What you will do
Please report every line in the material below where the word "Building" is found.

Record excerpts
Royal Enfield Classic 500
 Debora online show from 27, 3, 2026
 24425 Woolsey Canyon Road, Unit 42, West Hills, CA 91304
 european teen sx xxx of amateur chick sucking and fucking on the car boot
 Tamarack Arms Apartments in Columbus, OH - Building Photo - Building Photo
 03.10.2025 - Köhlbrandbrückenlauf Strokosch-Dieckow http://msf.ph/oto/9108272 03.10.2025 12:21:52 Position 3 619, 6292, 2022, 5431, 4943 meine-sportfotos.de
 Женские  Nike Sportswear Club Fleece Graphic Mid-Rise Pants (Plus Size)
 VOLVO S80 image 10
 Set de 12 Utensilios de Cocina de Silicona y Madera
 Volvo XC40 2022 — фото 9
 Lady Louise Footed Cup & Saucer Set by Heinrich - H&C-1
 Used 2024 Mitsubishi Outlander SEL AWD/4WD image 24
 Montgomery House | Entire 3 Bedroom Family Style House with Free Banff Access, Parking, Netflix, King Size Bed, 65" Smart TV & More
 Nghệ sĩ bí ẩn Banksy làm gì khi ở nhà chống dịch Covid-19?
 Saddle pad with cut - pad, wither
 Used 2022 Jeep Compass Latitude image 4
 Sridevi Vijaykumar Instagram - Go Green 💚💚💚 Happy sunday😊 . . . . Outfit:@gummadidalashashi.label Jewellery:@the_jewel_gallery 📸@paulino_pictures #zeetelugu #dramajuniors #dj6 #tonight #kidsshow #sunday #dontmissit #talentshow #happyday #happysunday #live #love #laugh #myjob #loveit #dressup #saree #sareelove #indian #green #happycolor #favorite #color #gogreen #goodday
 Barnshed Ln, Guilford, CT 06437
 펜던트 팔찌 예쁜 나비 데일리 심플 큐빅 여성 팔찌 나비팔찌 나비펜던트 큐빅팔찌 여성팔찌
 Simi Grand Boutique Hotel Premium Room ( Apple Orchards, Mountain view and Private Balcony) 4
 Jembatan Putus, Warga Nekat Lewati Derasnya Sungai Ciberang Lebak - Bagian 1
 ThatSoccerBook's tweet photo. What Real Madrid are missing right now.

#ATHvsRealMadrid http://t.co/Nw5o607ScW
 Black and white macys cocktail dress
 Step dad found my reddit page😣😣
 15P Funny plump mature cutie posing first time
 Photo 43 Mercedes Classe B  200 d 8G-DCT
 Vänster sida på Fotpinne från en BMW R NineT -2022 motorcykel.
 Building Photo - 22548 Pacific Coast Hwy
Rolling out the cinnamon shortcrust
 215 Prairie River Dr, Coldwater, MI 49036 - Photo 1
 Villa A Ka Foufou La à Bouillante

Worked solution
 Tamarack Arms Apartments in Columbus, OH - Building Photo - Building Photo
 Building Photo - 22548 Pacific Coast Hwy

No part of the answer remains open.